The Supreme Court stayed the felling temporarily, but the trees came down in a single overnight operation that sparked outrage. The issue became a flashpoint in the 2019 Maharashtra state elections. A subsequent government briefly proposed relocating the car shed; the plan was eventually abandoned, and MMRCL proceeded with Aarey. The controversy did not stop the line — but it permanently attached a moral cost to the project in public memory.

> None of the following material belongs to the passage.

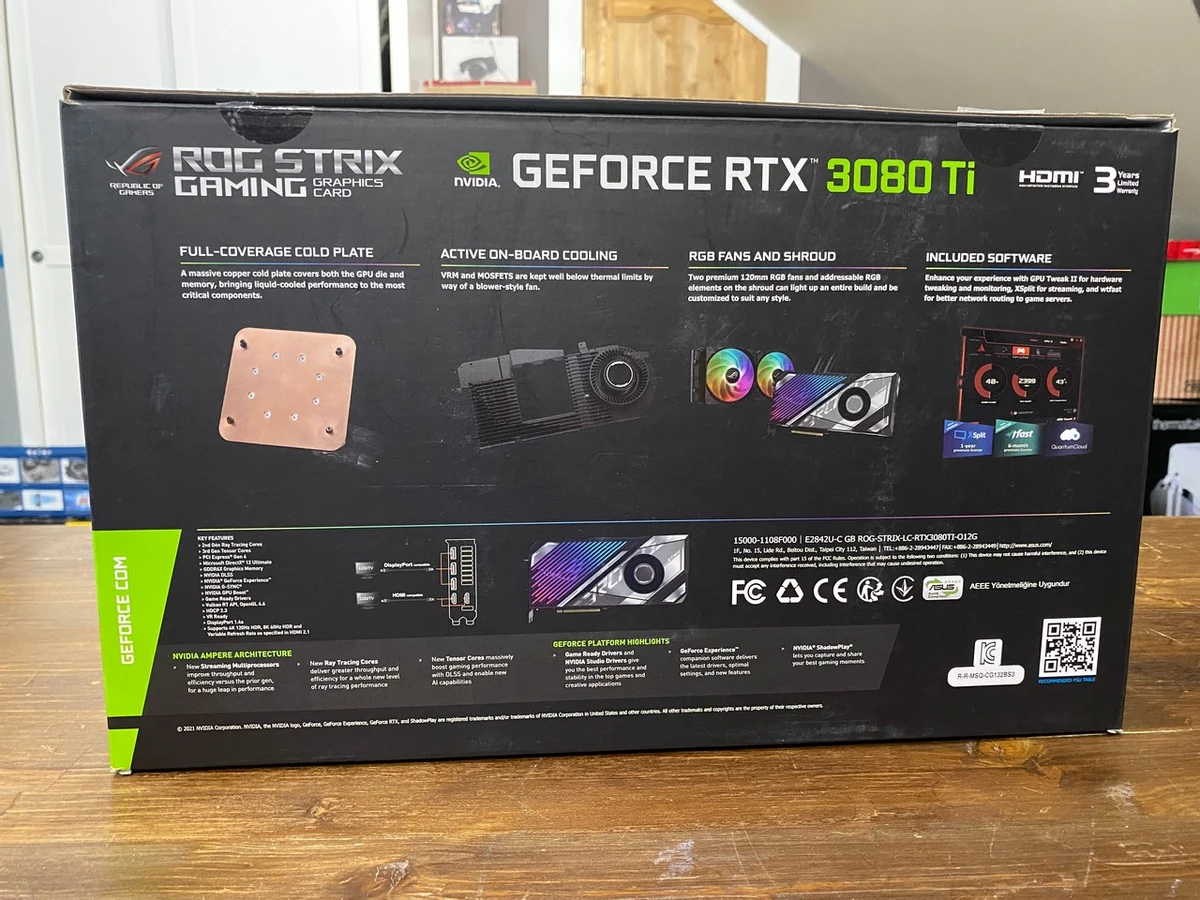 Обзор видеокарты ASUS ROG STRIX LC GeForce RTX 3080 Ti OC (12 ГБ) с жидкостной системой охлаждения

Bandra-Kurla Complex: the destination that made the project worth it
BKC — Bandra-Kurla Complex — is where Mumbai's financial gravity shifted in the 1990s as the old Nariman Point business district became congested. The headquarters of major banks, the SEBI regulator, luxury hotels, and the American and British consulates are all in BKC. It is also notoriously hard to reach. Auto-rickshaws are banned in the area; taxis queue in long lines; the nearest suburban rail stations require a bus or auto transfer. For years, BKC workers spent 45 minutes to an hour simply getting from the train to the office.
Metro Line 3 changes that calculation. The BKC station gives direct underground access to the financial hub from Aarey to the north and — when Phase 2 is complete — from Cuffe Parade at the southern tip of the island city. Office workers who once took a suburban train to Bandra and then a bus into BKC can now change to the metro at Western Line stations and arrive at BKC in a single ride.
What Phase 1 covers and what comes next
Phase 1, inaugurated in October 2024, connects Aarey Colony to BKC with stations at major points including Andheri, Marol Naka, SEEPZ, Airport Road, and Santacruz. The full Line 3 corridor extends southward to Cuffe Parade — a total of 33.5 kilometres with 27 stations, making it one of the longest underground metro lines in India.
Phase 2 (BKC to Cuffe Parade) passes through Worli, Haji Ali, Mahalaxmi, Vidhan Bhavan, and Churchgate — the commercial and cultural spine of south Mumbai — before terminating at Cuffe Parade, near the Navy Nagar area. When Phase 2 opens, the Aqua Line will offer a single underground journey from the suburban fringe to the southern tip of the island, a commute that previously involved three transfers and an hour in traffic.
What Mumbai's metro means for Bengaluru
The Aqua Line's travails — a 14-year construction timeline, cost overruns, legal challenges, and the Aarey controversy — are a reminder that building urban infrastructure in dense Indian cities is rarely straightforward. Bengaluru Metro (Namma Metro) has its own version of this story: Phase 2 extensions involved elevated sections across residential neighbourhoods, heritage objections, and tunnel boring through Bengaluru's hard granite.
But the shared lesson is that metros do get built, and when they do, they reshape city geographies in ways that traffic planners can rarely predict. BKC went from Mumbai's most annoying commute to its most metro-accessible in a single year. For Bengaluru, which is extending metro lines to Whitefield, Bommasandra, and eventually the airport, that precedent matters.